18 The second general submission (which applies to all applicants and has several branches) proceeds upon a particular view about the proceedings the SPL has in contemplation and the assessment of which, he thinks, may be assisted by the examinations. As I have said, a proceeding by way of application under s.588FF(1) is a possibility under consideration. The date of the event or events that would be central to any “transaction” relied upon for the purposes of s.588FF(1) would, it is said, be 29 May 2001, the day on which the One.Tel board decided not to proceed with the rights issue to raise $132 million. That being so, the submission runs, it would be necessary to show that One.Tel was solvent on that date. It follows, according to the submission, that if One.Tel was, at the relevant time, insolvent to the extent of more than $132 million (it being argued in ASIC v Rich that the directors should have recognised insolvency or likely insolvency as early as January 2001), any “transaction” involved in events of and surrounding 29 May 2001 concerning cancellation of the rights issue and any binding underwriting agreement would not have been one that resulted in insolvency.

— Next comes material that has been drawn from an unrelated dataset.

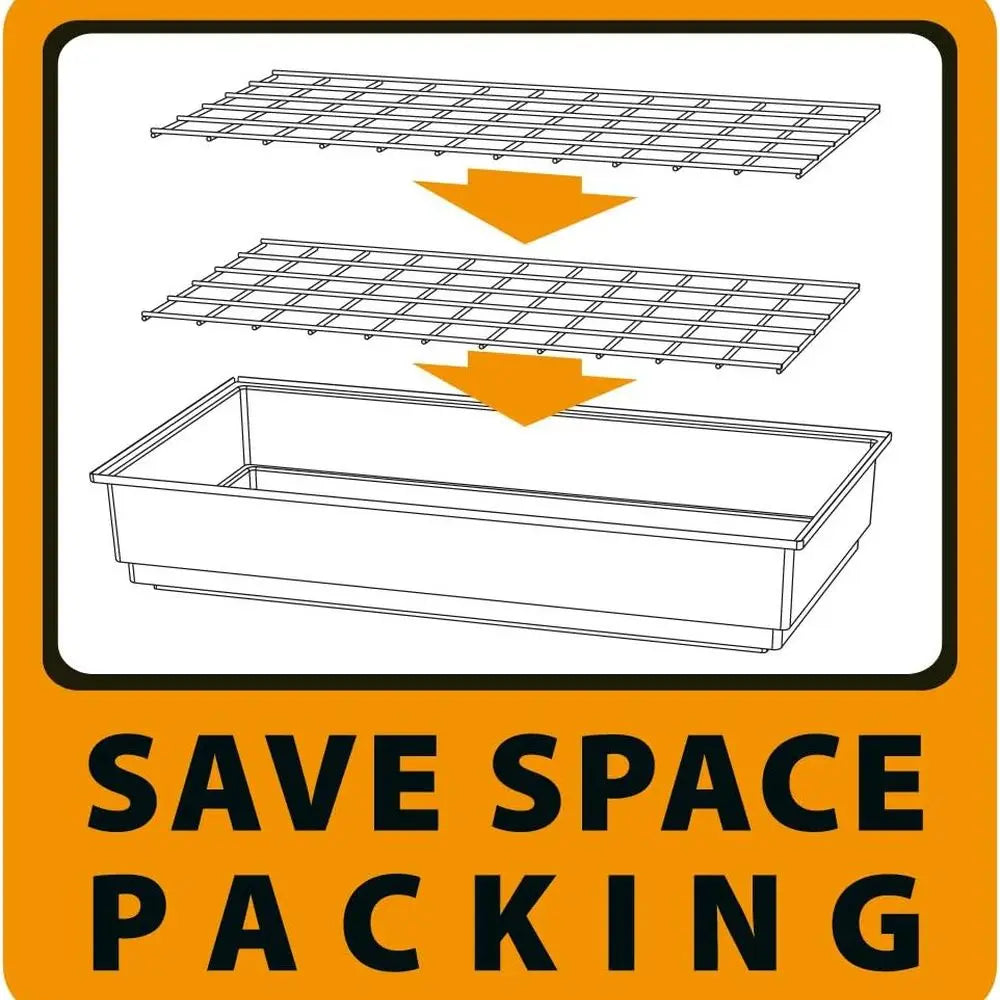 Krolik Green Rabbit Cage Deluxe | Rabbit Cage Includes All Accessories & Measures 39.4L x 23.6W x 19.7H & Includes All Accessori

19 Section 588FF(1) empowers the court to make orders on the application of a company’s liquidator if it is satisfied that “a transaction of the company is voidable because of section 588FE”. Section 588FE labels “voidable” transactions of various kinds. Among them are “insolvent transactions” that have certain characteristics. The expression “insolvent transaction” takes its meaning from s.588FC:
- “A transaction of a company is an insolvent transaction of the company if, and only if, it is an unfair preference given by the company, or an uncommercial transaction of the company, and:
(a) any of the following happens at a time when the company is insolvent:
(i) the transaction is entered into; or
(ii) an act is done, or an omission is made, for the purpose of giving effect to the transaction; or
(b) the company becomes insolvent because of, or because of matters including:
(i) entering into the transaction; or
(ii) a person doing an act, or making an omission, for the purpose of giving effect to the transaction.”
20 The aspect of the applicants’ submissions referred to at paragraph [18] above concentrates on s.588FC(b) and cases where a company becomes insolvent because of entry into the transaction. If the company is already insolvent when the transaction is entered into, that transaction cannot be an “insolvent transaction” under s.588FC(b). It follows, according to the submissions, that if One.Tel was, in January 2001 or thereabouts, insolvent to the extent of more than $132 million, any transaction it entered into in May 2001 with respect to cancellation of the rights issue and underwriting cannot be within s.588FC(b). The applicants point, in this respect, to minutes of a meeting of the board of One.Tel on 29 May 2001 at which Mr Long of Ernst & Young expressed an opinion that the $132 million proposed to be raised by the rights issue would not be sufficient to enable the company to meet its debts as they became due.
21 Mr Glasson pointed out on behalf of the SPL that s.588FC is also concerned with transactions entered into at a time when the company is already insolvent. These are referred to in s.588FC(a). It is therefore possible for any transaction of May 2001 related to cancellation of the rights issue and underwriting to be an “insolvent transaction” even if One.Tel was already insolvent.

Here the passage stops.